Deploy models at REST

Domino makes it easy to deploy your model to a REST endpoint using Model APIs. Domino streamlines deployment so you can start making calls to your Model API REST endpoints to get predictions from your models quickly. Learn how to:

Deploy a model for synchronous inference (real-time).
Access Domino assets in a model image.
Request predictions from a Model API endpoint.
Retrain a model.

How deploy works

When you deploy a Model API, Domino packages the project’s files as a Flask application. By default, Domino copies all project files into the model image, including the compute environment, project files, a Flask/Plumber harness that exposes the REST interface, and an authentication and load balancing layer.
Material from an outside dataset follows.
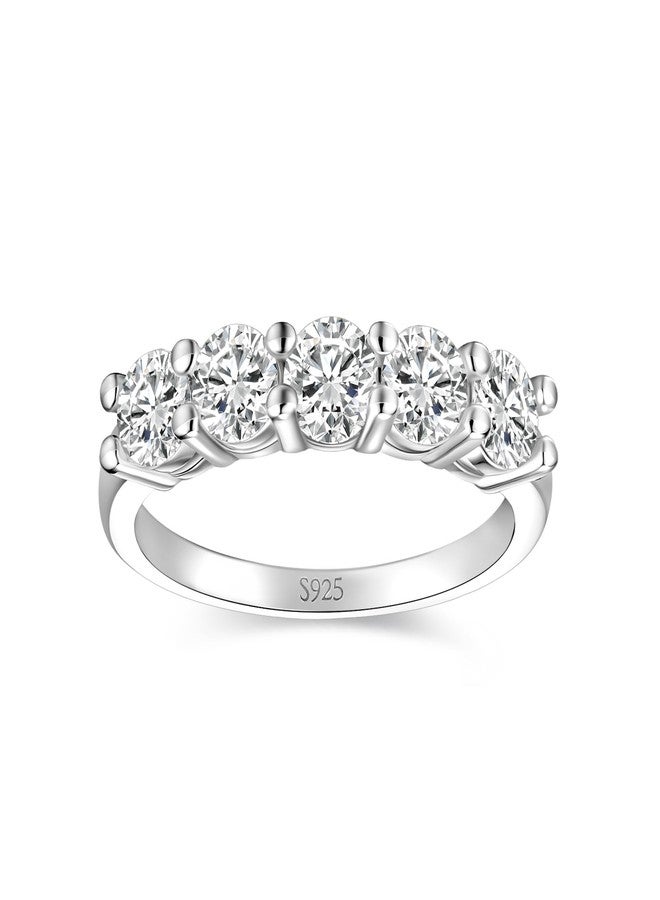 SUNFEEL 5-Stone Moissanite Rings for Women 1.5CT D Color VVS1 Sterling Silver with 18K Gold Plating Moissanite Wedding Bands Stackable Rings Moissanite Engagement Promise Ring - Image 1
A Domino Model API is a REST API endpoint wrapped around your inference code. You supply the arguments to your inference code as parameters in the REST request payload, and the response from the API includes the prediction. When a Model API is published, Domino runs the script that contains the function. As the process waits for input, any objects or functions from the script remain in memory. Each call to the endpoint runs the function. Since the script is only sourced at publish time, expensive initialization processes occur only once rather than on each call.

Package Requirements

Python

To support the Flask harness that exposes a model written in Python, the following packages are required in your model image:

uWSGI
Flask
Six
Prometheus-client

Domino will try to install these packages from PyPi, using the pip package installer.

All of the required packages are pre-installed in all the flavors of Domino’s Compute Environment images .

R

To support the Plumber harness that exposes a model written in R, the following packages are required in your model image:

plumber
future
openmetrics

Domino will try to install these packages from CRAN if they are not found in your compute environment.

Domino does not currently support publishing asynchronous models in R or registering them with the Model Registry feature, so there is no requirement for the seldon-core or mlflow packages.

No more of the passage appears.